PHE launch new Change4Life campaign to tackle childhood obesity

Britain

                                                                                                                                                                                                                                                                                                                                                                          Children have already exceeded the maximum recommended sugar intake for an 18 year old by the time they reach their tenth birthday, according to Public Health England (PHE). This is based on their total sugar consumption from the age of two. This figure comes as a new Change4Life campaign launches today, supporting families to cut back on sugar and to help tackle growing rates of childhood obesity.

While children’s sugar intakes have declined slightly in recent years, they are still consuming around eight excess sugar cubes each day, equivalent to around 2,800 excess sugar cubes per year. To help parents manage this, Change4Life is encouraging them to “Make a swap when you next shop”. Making simple everyday swaps can reduce children’s sugar intake from some products (yoghurts, drinks and breakfast cereals) by half – while giving them healthier versions of the foods and drinks they enjoy. You can find out how much sugar your children are eating every day by using the PHE sugar calculator.

Parents can try swapping:

• a higher-sugar yoghurt (e.g. split-pot) for a lower sugar one, to halve their sugar intake from six cubes of sugar to three;

• a sugary juice drink for a no-added sugar juice drink, to cut back from two cubes to half a cube;

• a higher-sugar breakfast cereal (e.g. a frosted or chocolate cereal) for a lower sugar cereal, to cut back from three cubes to half a cube per bowl.
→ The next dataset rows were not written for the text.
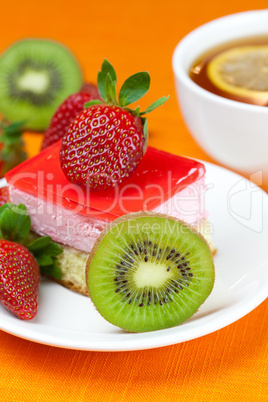 lemon tea, kiwi,cake and strawberries lying on the orange fabric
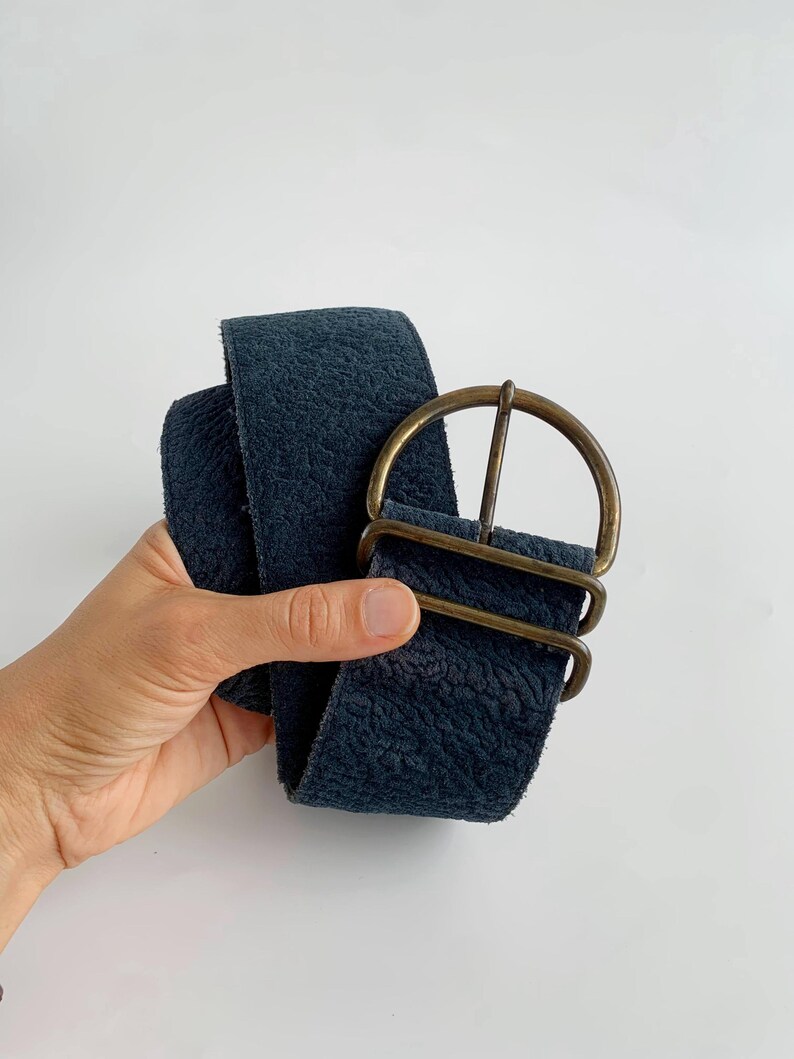 May include: A wide, navy blue belt with a textured surface and a large, antique brass buckle. The belt is held up against a white background, showcasing its colour and design. The buckle has a rounded shape.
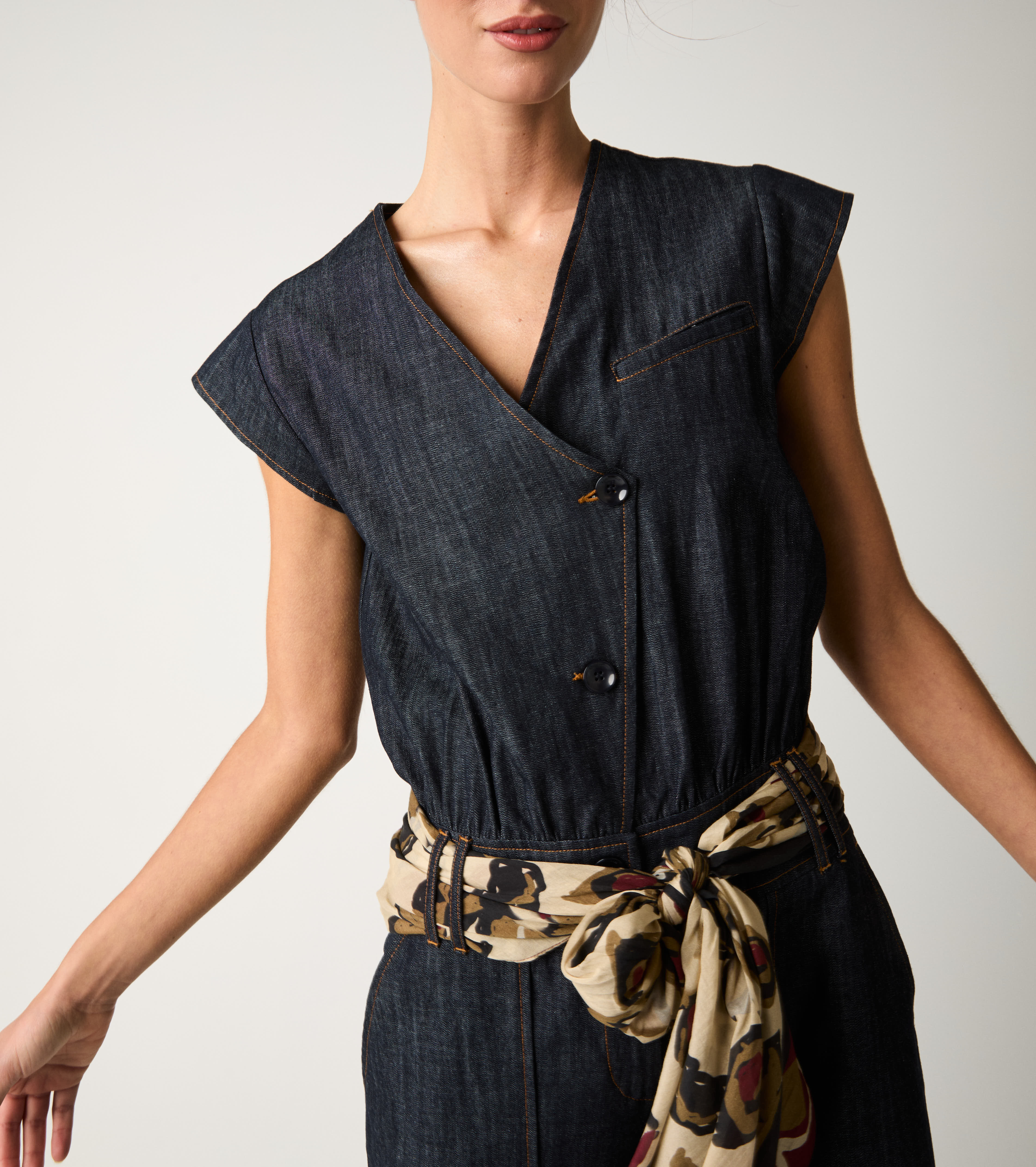 Women's denim jumpsuit with single buttons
Rob Percival, Head of Policy at Food for Life says “Most of the sugar in children's diets comes from ultra-processed foods such as fizzy drinks, sweets, biscuits, cakes, puddings, and breakfast cereals. Encouraging parents to make changes to their children’s diets is a good idea, and these changes should aim to boost the consumption of real, fresh, minimally processed foods. Over half of family food purchases in the UK are of ultra-processed junk, and as a nation we need to lower this figure to begin to tackle the rising tide of childhood obesity in the UK."

Severe obesity in ten to eleven year olds has now reached an all-time high. Overweight or obese children are more likely to be overweight or obese as adults, increasing their risk of heart disease and some cancers, while more young people than ever are developing type 2 diabetes. Excess sugar can also lead to painful tooth decay, bullying and low self-esteem in childhood.
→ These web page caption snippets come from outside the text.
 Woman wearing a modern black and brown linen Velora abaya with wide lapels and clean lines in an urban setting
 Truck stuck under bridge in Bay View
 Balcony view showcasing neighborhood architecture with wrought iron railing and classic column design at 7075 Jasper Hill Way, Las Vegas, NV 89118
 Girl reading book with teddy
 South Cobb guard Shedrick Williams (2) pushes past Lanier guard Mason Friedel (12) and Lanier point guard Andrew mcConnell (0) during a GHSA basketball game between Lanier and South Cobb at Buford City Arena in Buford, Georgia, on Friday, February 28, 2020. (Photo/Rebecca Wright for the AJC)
But sweeteners are controversial. The debate over their benefits and risks rumbles on in popular press and academic literature. Leaving aside the concerns over their safety, their potential contribution towards diabetes, their purportedly harmful affect upon gut health and metabolism, one important issue, often overlooked in the debate, concerns their influence over our behaviour and expectations, particularly in childhood.

Last year the French Government took the bold move of banning refillable soft drinks – sugary and artificially sweetened – in restaurants nationally. The UK government should look beyond reformulation and the succour of sweeteners to policies that help us rediscover the joy of real, fresh, unprocessed food. Such an ambition is particularly important for children growing up in Britain, where we consume the most ultra-processed diet in Europe, who need nourishment and a connection to good food, not a diet of calorie-reduced artificially sweetened junk.